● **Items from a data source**
---------------
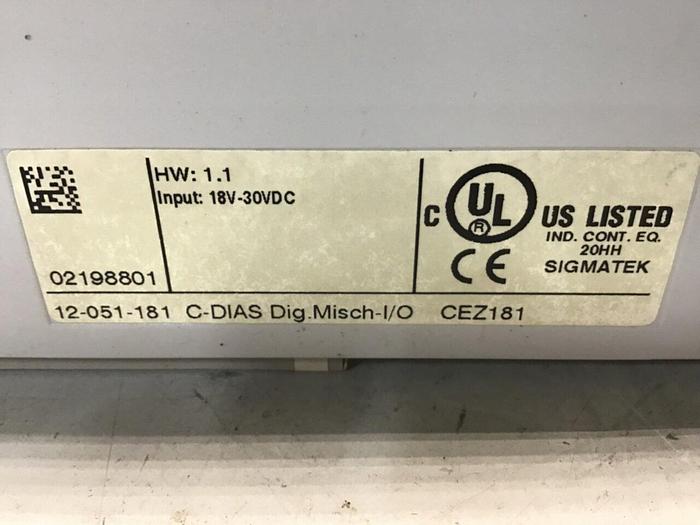 Used SIGMATEK Module 12-051-181 CEZ181 #141501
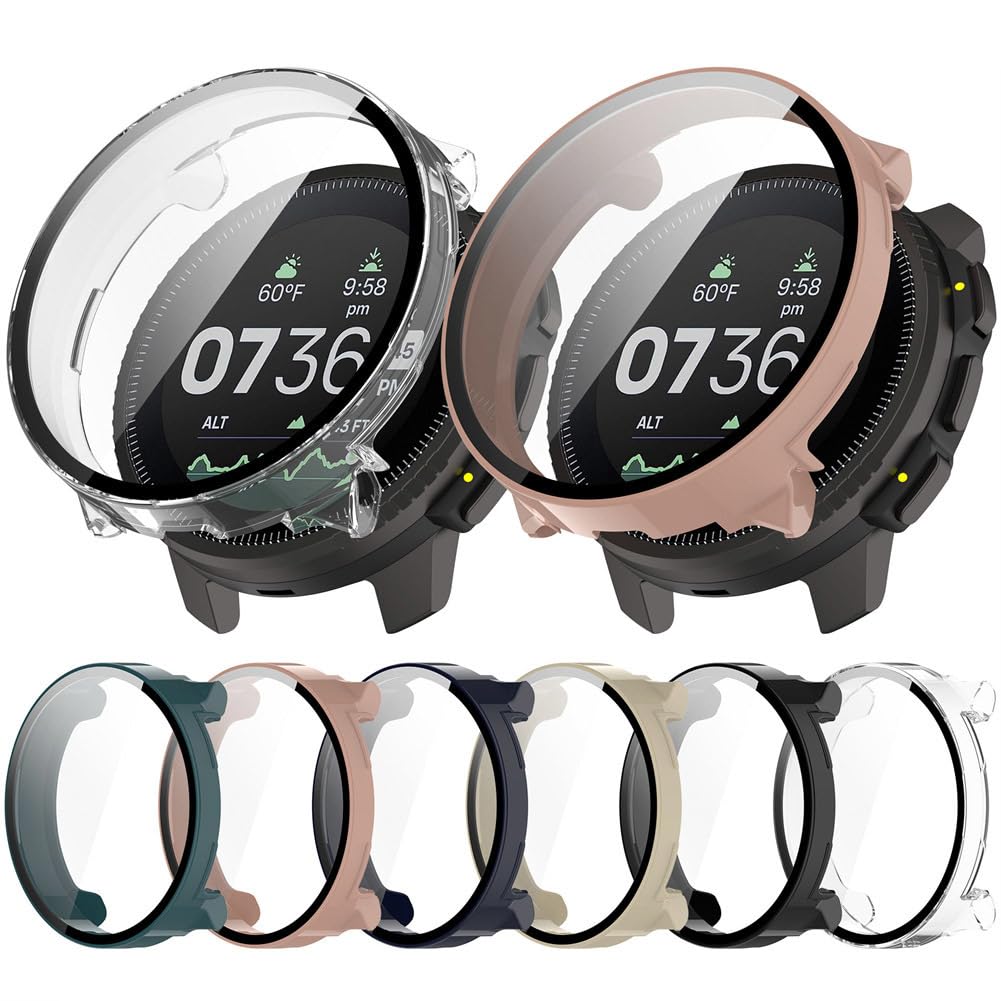 Smartwatch, pełne pokrycie, etui ochronne z poliwęglanu z osłoną ekranu ze szkła hartowanego, kompatybilne z Suunto Vertical/SUUNTO VERTICAL, ultracienka, uniwersalna obudowa (6 sztuk)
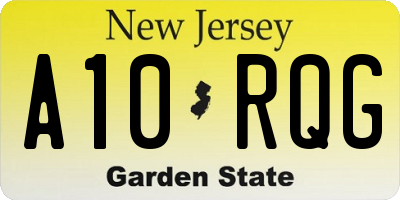 NJ license plate A10RQG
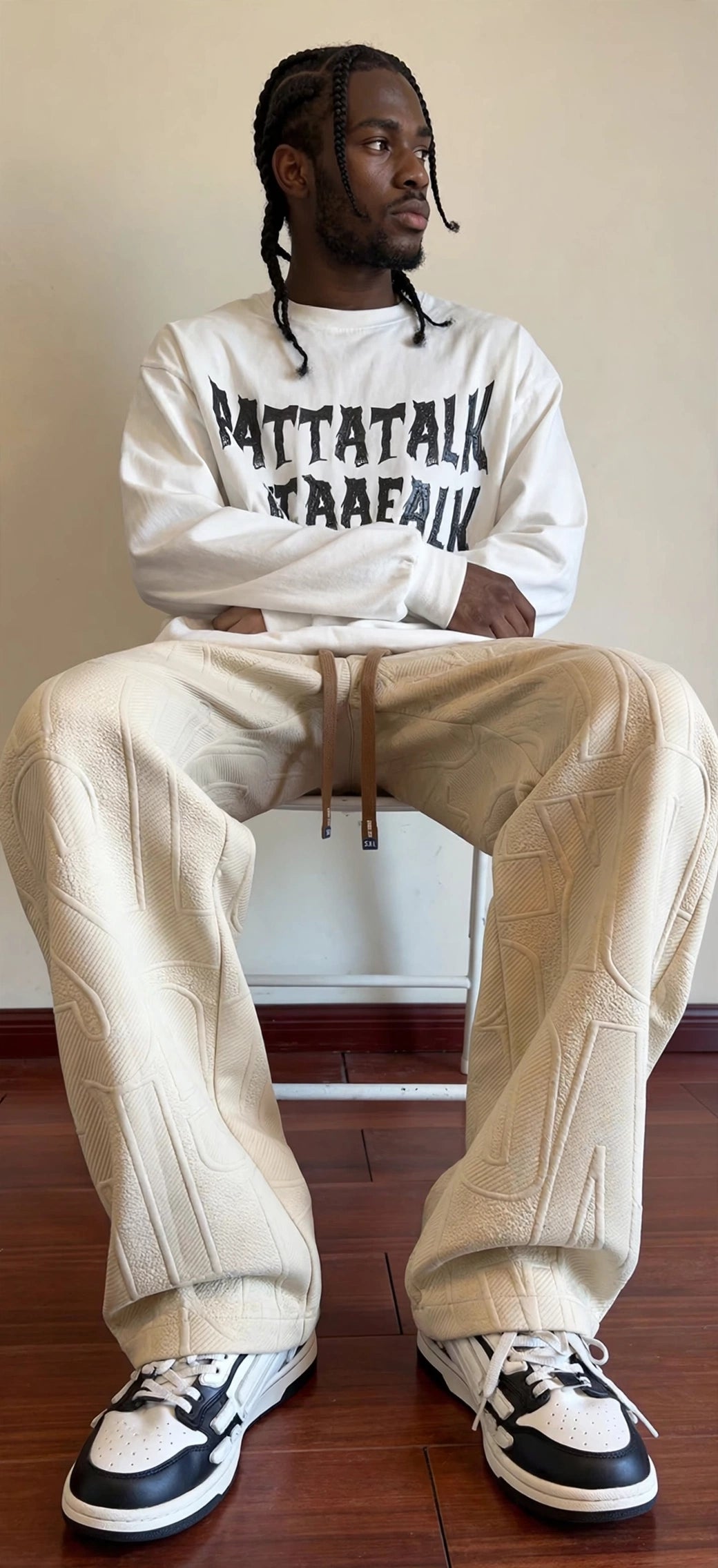 Men's Straight Leg Jacquard Trousers – Elastic Waist Casual Pants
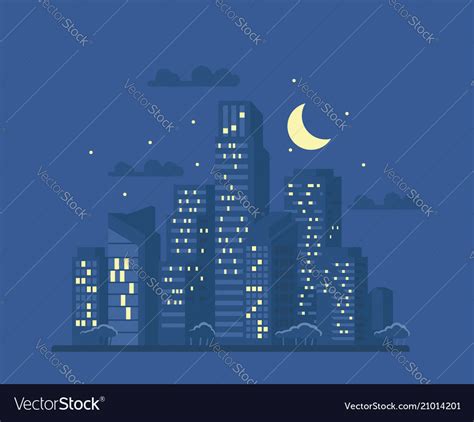 Night Cityscape Royalty Free Vector Image Vectorstock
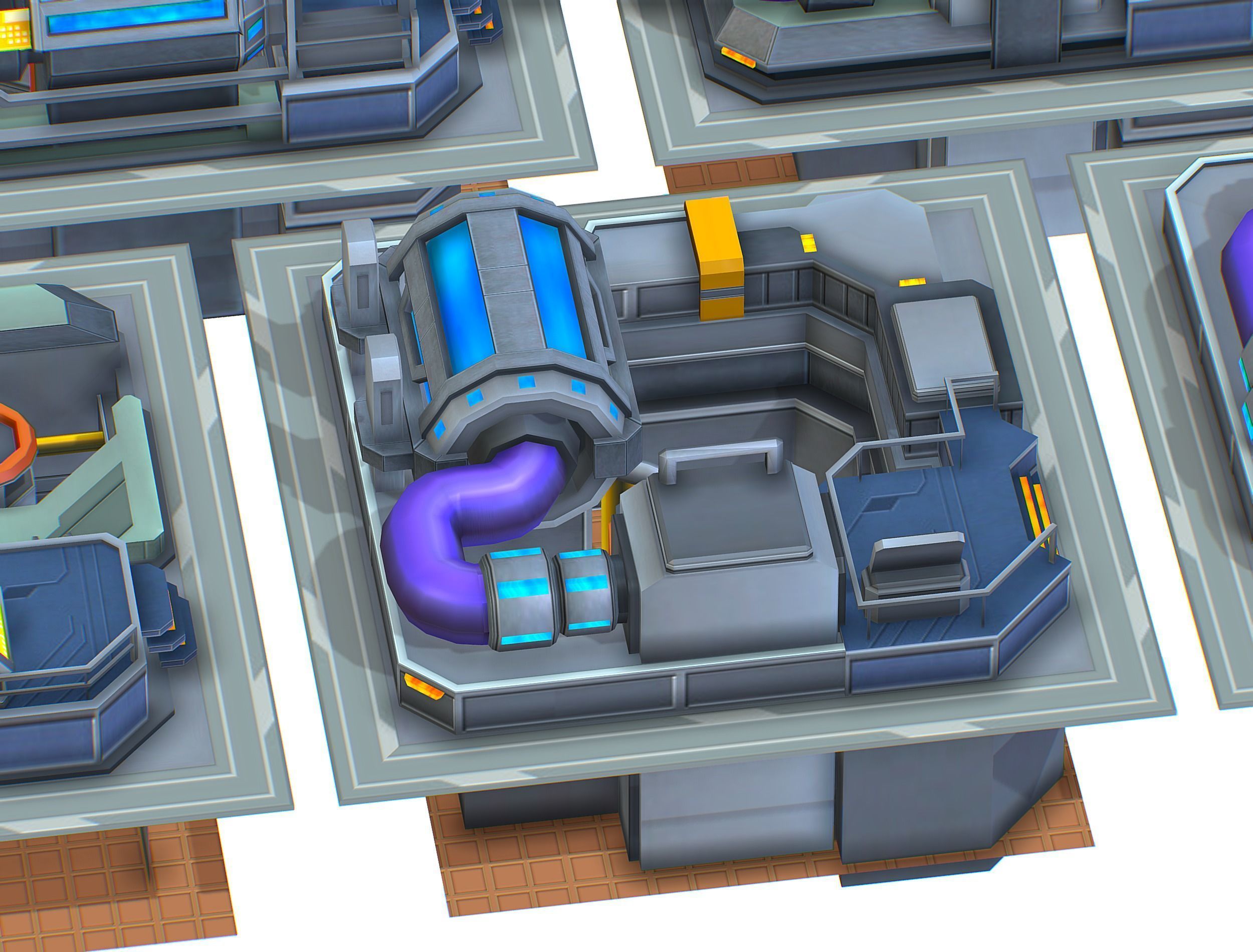 fuel rig platform station set Low-poly 3D model_17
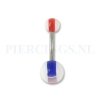 Navelpiercing acryl wit rood wit blauw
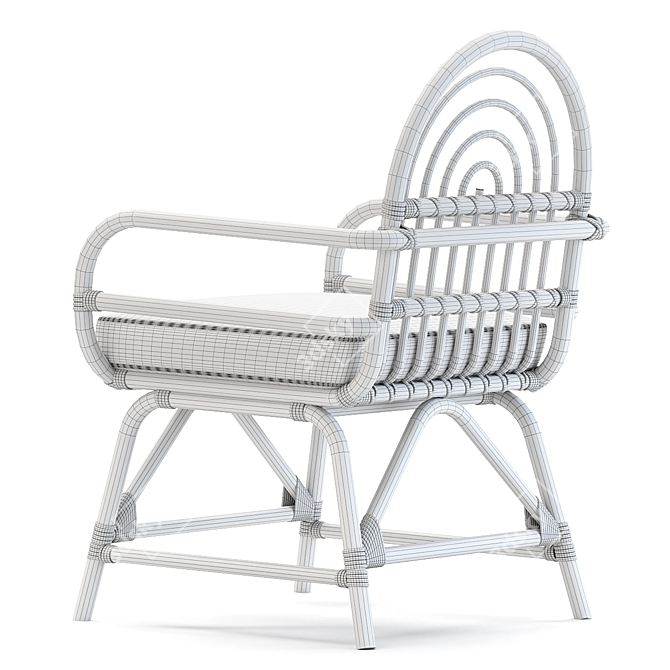  Luxe Azure Rattan Armchair 3D model image 7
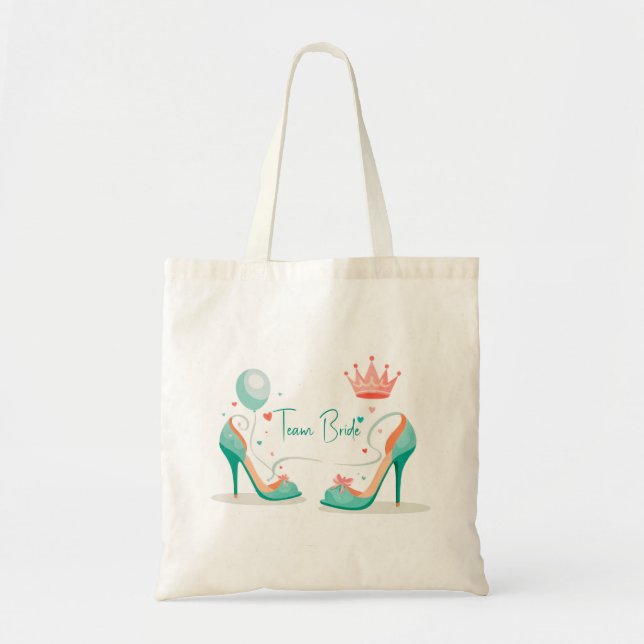 Tote Bag Couronne et talons hauts – Thème rose et mint glam (Devant)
---------------
● **Work required**
Without including the pictures, return each record above exactly as it stands.

● **Answer for the task**
 Used SIGMATEK Module 12-051-181 CEZ181 #141501
 Smartwatch, pełne pokrycie, etui ochronne z poliwęglanu z osłoną ekranu ze szkła hartowanego, kompatybilne z Suunto Vertical/SUUNTO VERTICAL, ultracienka, uniwersalna obudowa (6 sztuk)
 NJ license plate A10RQG
 Men's Straight Leg Jacquard Trousers – Elastic Waist Casual Pants
 Night Cityscape Royalty Free Vector Image Vectorstock
 fuel rig platform station set Low-poly 3D model_17
 Navelpiercing acryl wit rood wit blauw
  Luxe Azure Rattan Armchair 3D model image 7
 Tote Bag Couronne et talons hauts – Thème rose et mint glam (Devant)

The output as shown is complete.